Bug #101809 "DROP TRIGGER IF EXISTS” in concurrent sessions leads to an error
Submitted: 1 Dec 2020 2:11 Modified: 8 Dec 2020 15:38
Reporter: Akshay Suryawanshi (OCA) Email Updates:
Status: Closed Impact on me:
None 
Category:MySQL Server: DDL Severity:S3 (Non-critical)
Version:5.7, 5.7.32 OS:Any
Assigned to: CPU Architecture:Any
Tags: Contribution, Drop, IF EXISTS, trigger

[1 Dec 2020 2:11] Akshay Suryawanshi
Description:
If more than one `DROP TRIGGER IF EXISTS` statements are executed at the same time for the same table, one or more of the statements may return a MySQL error “ERROR 1360 (HY000): Trigger does not exist” instead of succeeding with a warning as usual.
 
Code examination reveals that usage of the “IF EXISTS” clause and existence of the actual trigger is only checked without holding a lock through the whole DROP TRIGGER command, following the add_table_for_trigger call around line 143 of sql/sql_trigger.cc, in mysql_create_or_drop_trigger:

123:   if (!create)
124:   {
125:     bool if_exists= thd->lex->drop_if_exists;
...
143:     if (add_table_for_trigger(thd,
144:                               thd->lex->spname->m_db,
145:                               thd->lex->spname->m_name,
146:                               if_exists, & tables))
147:       goto end;
148: 
149:     if (!tables)
150:     {
151:       DBUG_ASSERT(if_exists);
152:       /*
153:         Since the trigger does not exist, there is no associated table,
154:         and therefore :
155:         - no TRIGGER privileges to check,
156:         - no trigger to drop,
157:         - no table to lock/modify,
158:         so the drop statement is successful.
159:       */
160:       result= FALSE;
161:       /* Still, we need to log the query ... */
162:       stmt_query.append(thd->query().str, thd->query().length);
163:       goto end;
164:     }
165:   }
166: 

However, if more than one concurrent thread executes a “DROP TRIGGER IF EXISTS” statement for the same trigger because no lock is held before checking the existence of the trigger, multiple threads may pass this condition.
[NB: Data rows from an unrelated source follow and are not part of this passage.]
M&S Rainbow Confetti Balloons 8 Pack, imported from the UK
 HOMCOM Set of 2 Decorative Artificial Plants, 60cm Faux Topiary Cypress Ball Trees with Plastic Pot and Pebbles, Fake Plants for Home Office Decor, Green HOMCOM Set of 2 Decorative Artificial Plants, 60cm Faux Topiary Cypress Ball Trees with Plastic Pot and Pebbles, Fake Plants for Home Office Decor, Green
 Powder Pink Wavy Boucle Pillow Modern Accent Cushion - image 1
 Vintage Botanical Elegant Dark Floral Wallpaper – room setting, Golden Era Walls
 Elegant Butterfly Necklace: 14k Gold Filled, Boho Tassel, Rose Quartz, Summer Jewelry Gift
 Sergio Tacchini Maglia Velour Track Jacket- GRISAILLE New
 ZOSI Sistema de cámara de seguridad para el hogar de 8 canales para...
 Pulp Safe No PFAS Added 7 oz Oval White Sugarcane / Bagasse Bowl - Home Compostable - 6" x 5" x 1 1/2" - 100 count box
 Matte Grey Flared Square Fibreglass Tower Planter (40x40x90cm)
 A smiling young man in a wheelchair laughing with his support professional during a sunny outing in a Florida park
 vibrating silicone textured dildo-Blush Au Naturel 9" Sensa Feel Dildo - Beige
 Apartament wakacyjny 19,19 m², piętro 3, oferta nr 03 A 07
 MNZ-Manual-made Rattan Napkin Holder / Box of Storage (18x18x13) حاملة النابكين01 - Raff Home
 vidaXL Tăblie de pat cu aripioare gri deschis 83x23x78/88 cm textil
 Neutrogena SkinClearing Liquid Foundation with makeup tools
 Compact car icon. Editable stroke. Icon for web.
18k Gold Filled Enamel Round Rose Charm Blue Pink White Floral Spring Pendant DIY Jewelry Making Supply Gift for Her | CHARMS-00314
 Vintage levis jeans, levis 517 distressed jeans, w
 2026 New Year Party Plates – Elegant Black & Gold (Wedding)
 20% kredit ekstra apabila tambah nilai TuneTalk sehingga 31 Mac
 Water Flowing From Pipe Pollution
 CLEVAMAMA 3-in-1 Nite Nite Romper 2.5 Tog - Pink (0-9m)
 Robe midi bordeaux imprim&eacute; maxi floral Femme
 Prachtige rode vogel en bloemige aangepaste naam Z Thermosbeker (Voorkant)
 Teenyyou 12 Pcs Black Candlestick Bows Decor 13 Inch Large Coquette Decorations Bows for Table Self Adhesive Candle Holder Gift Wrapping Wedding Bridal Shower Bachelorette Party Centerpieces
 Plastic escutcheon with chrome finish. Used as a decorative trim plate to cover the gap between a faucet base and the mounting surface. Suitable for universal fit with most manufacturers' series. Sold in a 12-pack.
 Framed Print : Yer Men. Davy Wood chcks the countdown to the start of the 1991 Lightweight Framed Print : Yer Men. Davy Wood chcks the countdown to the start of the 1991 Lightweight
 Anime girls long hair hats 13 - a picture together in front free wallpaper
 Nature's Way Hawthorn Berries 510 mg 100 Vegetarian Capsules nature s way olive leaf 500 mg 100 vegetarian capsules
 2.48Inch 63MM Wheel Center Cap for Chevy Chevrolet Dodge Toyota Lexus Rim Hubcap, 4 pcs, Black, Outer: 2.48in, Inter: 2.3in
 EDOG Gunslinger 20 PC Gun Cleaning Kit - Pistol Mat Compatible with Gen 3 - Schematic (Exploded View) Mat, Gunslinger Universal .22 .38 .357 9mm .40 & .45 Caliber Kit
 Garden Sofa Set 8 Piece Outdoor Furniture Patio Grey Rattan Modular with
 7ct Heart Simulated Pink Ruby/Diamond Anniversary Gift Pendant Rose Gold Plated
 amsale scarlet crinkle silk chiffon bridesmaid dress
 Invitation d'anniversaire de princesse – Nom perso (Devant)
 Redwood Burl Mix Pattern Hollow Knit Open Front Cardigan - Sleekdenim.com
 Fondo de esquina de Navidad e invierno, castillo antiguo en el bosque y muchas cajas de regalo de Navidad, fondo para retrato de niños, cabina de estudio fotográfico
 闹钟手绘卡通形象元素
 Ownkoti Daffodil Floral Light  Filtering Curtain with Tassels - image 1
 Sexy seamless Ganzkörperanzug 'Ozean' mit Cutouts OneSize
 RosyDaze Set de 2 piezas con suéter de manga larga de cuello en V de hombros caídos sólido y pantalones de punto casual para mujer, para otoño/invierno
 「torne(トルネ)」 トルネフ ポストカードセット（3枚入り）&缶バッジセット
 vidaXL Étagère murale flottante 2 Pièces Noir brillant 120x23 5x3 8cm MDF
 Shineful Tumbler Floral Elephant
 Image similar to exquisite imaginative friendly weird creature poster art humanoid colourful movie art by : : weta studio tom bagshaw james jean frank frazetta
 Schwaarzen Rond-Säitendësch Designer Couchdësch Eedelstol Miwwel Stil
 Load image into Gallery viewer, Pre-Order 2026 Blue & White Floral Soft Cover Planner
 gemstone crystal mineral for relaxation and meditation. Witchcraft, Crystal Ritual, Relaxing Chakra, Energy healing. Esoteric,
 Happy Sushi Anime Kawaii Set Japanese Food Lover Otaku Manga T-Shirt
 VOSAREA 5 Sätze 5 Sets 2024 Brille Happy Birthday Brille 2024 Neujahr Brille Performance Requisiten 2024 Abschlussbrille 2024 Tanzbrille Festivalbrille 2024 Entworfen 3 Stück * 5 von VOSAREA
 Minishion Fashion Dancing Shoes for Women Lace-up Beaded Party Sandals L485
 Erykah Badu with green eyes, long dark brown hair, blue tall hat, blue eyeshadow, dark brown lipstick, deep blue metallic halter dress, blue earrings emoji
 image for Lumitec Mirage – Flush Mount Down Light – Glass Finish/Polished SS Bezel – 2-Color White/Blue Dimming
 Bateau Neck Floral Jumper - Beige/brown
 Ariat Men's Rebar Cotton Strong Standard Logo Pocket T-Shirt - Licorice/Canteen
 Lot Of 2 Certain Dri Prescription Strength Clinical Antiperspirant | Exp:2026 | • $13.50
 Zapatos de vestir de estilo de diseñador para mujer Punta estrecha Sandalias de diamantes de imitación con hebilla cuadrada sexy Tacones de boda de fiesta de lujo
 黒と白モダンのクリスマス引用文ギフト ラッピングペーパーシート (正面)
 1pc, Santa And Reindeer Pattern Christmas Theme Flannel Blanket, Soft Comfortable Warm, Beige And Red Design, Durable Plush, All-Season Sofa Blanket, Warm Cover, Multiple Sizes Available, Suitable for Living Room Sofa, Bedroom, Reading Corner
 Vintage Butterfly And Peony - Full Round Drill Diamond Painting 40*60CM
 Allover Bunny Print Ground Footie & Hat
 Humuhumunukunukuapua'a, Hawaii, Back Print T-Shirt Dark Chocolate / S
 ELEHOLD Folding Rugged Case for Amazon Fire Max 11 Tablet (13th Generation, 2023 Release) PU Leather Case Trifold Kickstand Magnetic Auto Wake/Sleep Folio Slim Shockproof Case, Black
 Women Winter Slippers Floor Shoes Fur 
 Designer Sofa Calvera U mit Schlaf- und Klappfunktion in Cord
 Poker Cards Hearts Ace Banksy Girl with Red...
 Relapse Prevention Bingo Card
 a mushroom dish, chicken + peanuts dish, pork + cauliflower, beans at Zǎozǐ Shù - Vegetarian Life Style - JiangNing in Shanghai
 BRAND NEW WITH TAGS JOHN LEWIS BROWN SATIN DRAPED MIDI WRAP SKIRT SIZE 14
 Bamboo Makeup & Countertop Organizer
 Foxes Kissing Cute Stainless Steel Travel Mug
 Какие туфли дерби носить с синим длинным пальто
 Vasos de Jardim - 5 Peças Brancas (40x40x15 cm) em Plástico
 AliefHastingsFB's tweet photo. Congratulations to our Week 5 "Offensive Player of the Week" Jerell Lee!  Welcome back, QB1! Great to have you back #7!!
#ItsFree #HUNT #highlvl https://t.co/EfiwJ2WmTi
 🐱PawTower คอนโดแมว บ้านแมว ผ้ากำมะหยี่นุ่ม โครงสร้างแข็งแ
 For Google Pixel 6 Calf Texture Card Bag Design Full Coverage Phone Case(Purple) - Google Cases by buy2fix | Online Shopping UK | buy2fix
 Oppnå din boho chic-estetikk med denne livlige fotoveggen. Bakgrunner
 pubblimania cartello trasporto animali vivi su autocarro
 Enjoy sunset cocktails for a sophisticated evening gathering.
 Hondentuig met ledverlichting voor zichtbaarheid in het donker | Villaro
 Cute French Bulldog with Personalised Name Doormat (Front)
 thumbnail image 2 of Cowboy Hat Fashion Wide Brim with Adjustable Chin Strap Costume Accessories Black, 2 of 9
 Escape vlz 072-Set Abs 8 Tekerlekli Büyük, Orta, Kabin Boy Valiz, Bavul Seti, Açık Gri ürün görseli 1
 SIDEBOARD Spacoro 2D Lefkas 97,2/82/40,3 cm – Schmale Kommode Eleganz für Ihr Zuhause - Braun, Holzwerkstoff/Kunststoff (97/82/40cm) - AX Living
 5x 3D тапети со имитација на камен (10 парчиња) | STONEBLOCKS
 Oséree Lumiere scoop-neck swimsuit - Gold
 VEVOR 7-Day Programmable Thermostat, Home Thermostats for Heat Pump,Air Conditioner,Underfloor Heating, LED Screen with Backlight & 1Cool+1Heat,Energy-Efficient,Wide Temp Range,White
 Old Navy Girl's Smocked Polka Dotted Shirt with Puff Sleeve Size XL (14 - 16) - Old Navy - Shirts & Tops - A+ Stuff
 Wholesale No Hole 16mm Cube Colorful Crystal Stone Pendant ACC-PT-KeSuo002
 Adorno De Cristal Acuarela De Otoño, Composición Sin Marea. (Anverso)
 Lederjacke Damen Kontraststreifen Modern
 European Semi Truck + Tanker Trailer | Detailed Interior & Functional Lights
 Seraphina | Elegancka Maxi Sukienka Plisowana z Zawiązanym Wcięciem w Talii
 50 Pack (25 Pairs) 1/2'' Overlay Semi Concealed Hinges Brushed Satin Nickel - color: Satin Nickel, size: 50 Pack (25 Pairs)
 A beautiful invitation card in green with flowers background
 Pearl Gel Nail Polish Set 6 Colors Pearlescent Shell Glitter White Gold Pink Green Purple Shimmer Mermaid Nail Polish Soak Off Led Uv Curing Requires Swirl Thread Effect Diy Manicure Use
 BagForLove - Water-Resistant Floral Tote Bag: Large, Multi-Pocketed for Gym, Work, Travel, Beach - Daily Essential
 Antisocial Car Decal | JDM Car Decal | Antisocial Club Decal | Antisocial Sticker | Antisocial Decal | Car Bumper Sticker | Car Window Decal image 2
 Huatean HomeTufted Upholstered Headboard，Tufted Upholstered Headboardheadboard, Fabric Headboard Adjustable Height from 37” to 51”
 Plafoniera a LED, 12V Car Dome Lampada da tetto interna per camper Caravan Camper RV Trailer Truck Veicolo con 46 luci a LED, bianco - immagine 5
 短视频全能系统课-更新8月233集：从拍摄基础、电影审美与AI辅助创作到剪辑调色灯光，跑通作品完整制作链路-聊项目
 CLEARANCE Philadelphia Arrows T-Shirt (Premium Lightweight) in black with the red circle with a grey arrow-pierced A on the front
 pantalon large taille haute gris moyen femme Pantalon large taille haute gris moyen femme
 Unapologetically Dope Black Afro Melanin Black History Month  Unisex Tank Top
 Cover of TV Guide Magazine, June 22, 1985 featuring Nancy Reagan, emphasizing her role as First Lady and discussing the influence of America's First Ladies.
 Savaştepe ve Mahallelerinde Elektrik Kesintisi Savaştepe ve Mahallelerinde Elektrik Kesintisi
They will then race to acquire the MDL lock, where the first thread to successfully acquire it deletes the trigger, and any other threads will find that the trigger is already deleted, causing an ER_TRG_DOES_NOT_EXIST error to be generated around line 235 of sql/sql_trigger.cc:

File: sql_trigger.cc
231:   if (!table->triggers)
232:   {
233:     if (!create)
234:     {
235:       my_error(ER_TRG_DOES_NOT_EXIST, MYF(0));
236:       goto end;
237:     }
238: 

This problem is more dangerous when using Multi-threaded Slave replication as the chances of multiple parallel worker threads executing the “DROP TRIGGER IF EXISTS” statements concurrently are more likely, and when this occurs it leads to replication being broken.

Note: There is a possibility that similar racy code paths exist in other places where the “IF EXISTS” clause applies to DDLs, but we have not examined the other code paths yet.

How to repeat:
First, start by creating a test trigger, so that it can be dropped:

Session 1
root@mysql> CREATE TRIGGER ins_employees BEFORE INSERT ON employees for each row set new.emp_no = emp_no + 1;
Query OK, 0 rows affected (0.01 sec)

Second, we acquire the MDL lock using LOCK TABLES:

Session 1
root@mysql> LOCK TABLES employees READ;
Query OK, 0 rows affected (0.00 sec)

Next, in another two sessions, execute the same DROP TRIGGER statement, each will wait to check that the trigger does exist and then wait on the MDL lock:

Session 2
root@mysql> DROP TRIGGER IF EXISTS ins_employees;

Session 3
root@mysql> DROP TRIGGER IF EXISTS ins_employees;

Finally, release the MDL lock acquired in session 1:

Session 1
root@mysql> UNLOCK TABLES;
Query OK, 0 rows affected (0.00 sec)

Immediately,  Session 2 and 3 will be released and the statement in Session 3 returns an error, even though it should have been OK with a warning just as session 2:

Session 2
root@mysql> DROP TRIGGER IF EXISTS ins_employees;
Query OK, 0 rows affected (3.52 sec)

Session 3
root@mysql> DROP TRIGGER IF EXISTS ins_employees;
ERROR 1360 (HY000): Trigger does not exist

Suggested fix:
A simple fix would be to add another check for the “IF EXISTS” clause after acquiring the MDL lock, before returning the error with my_error(). The warning which should be returned has at this point already been pushed, so this will not introduce any behavioral changes.
[1 Dec 2020 2:12] Akshay Suryawanshi
Patch for this bug request

(*) I confirm the code being submitted is offered under the terms of the OCA, and that I am authorized to contribute it.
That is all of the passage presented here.